They're worse than that. :blush2: 

Universal should poach all the commentary guys from CTV - McCrossans, Brian & Maggie. They're the *only* good thing about CTV.


----------



## Dwayne Barry (Feb 16, 2003)

Mike T. said:


> They're worse than that. :blush2:
> 
> Universal should poach all the commentary guys from CTV - McCrossans, Brian & Maggie. They're the *only* good thing about CTV.


Agree 100%, I feel sorry for those guys.


----------



## giovanni sartori (Feb 5, 2004)

Dwayne Barry said:


> Agree 100%, I feel sorry for those guys.


You know what? I can't comment on the above because I never received a quality stream where I could judge them as announcers.


----------



## Mike T. (Feb 3, 2004)

Dwayne Barry said:


> Agree 100%, I feel sorry for those guys.


If Universal don't know how to contact Martin McCrossan they can contact him  *HERE!*


----------



## doctor855 (Dec 27, 2008)

i have to remind the OP of the girl that did the interviews on Versus during the ToC.


----------



## identifiler (Dec 24, 2005)

''I like the announcer, very clear, dynamic, and not clueless.''

Ha ha, today, after the uphill sprint he was saying: -let's see, Armstrong could be in the maglia rosa. hahahaha ya right... after everyone had passed.

I mean he has good culture, he has great accent, his french is impecable, same for his Italian but he really lacks in race action and tactics. He also has little knowledge of the racers, must rely on racer numbers a lot. 
You can kind see Soler by a mile and it took him 15 seconds of paper scrambling to get the name... A real race commentator would just see Barlo, climb, long legged dark guy = Soler. That being said, a mix of McCrossan and the Universal guy would make great team during the race. This might be the main issue is that the guy is alone, single commentator is always a problem.

Now please, one thing that would have me drop the Giro in a second is to have Andreux and the other ToC buffon, now that was a joke, including the god awful camera work, amateurs !


----------



## muscleendurance (Jan 11, 2009)

*Wtf?*



Gnarly 928 said:


> Yeah, mute the sound or just 'tune out like we did with Phil and Paul .


I really hope that was a joke, Phil and Paul (more Phil) are LEGENDS of commentary of cycling over the last 15-20 years - you ignorant...(if it wasnt a joke that is!)


----------



## Wborgers (Oct 6, 2008)

Cycling TV was so lame I couldn't even get signed up- tried lke 4 times and finally thought- woah if they can't take $$$$ the feed probably doesn't work- sorry to hear I was right!


----------



## rensho (Aug 5, 2003)

Can you get this on DTV, or is it only OTA? Asking for a friend. I have OTA, and just found it today and am luvin it!


----------



## JaeP (Mar 12, 2002)

*Arrrrrgh!*

My Universal OTA signal was down all day! The analog signal is fine but the digital signal is nada. I hope they fix it soon.


----------



## weltyed (Feb 6, 2004)

these two guys make me feel like a racing tactician.
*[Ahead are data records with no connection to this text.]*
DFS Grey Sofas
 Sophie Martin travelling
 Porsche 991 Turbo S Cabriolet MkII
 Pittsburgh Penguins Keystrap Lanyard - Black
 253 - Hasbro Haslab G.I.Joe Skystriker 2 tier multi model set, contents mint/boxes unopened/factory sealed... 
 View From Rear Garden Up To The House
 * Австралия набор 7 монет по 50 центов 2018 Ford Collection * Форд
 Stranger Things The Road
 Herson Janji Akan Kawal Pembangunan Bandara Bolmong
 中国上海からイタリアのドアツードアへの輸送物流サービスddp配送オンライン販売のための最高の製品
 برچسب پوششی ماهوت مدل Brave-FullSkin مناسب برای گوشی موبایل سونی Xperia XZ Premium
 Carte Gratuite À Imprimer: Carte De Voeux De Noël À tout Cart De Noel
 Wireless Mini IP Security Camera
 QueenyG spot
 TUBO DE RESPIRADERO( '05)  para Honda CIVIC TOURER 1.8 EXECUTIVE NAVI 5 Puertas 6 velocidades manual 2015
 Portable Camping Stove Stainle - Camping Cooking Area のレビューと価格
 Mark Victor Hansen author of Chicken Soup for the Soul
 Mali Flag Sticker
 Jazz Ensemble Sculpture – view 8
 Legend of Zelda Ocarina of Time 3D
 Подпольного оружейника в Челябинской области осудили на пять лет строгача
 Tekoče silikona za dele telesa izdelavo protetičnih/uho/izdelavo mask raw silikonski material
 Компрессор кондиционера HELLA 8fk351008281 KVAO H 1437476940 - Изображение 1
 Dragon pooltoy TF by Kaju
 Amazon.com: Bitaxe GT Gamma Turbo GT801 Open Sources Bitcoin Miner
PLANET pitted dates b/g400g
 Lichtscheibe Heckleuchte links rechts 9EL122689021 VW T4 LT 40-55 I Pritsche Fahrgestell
that being said, i wont look this gift horse in teh mouth anymore. they had some pretty good telephone interviews during the coverage today. that is a great way of getting through the longer portions of a race. they had vandvelde and hampsten. those are two pretty big scores.

i did miss the post race interviews today.


----------



## hawker12 (Oct 19, 2003)

First, I way impressed with the video quality on my computer that Universal is providing. I think I'll send them an e-mail thanking them. 

Second, where are Phil and Paul? Versus isn't covering the Giro so are they working somewhere else?


----------



## spade2you (May 12, 2009)

Something about a road race without Phil feels odd. I dunno, not bad but not great. I really wish they were broadcasting in 16:9 high def, but I can live with it.


----------



## waldo425 (Sep 22, 2008)

doctor855 said:


> i have to remind the OP of the girl that did the interviews on Versus during the ToC.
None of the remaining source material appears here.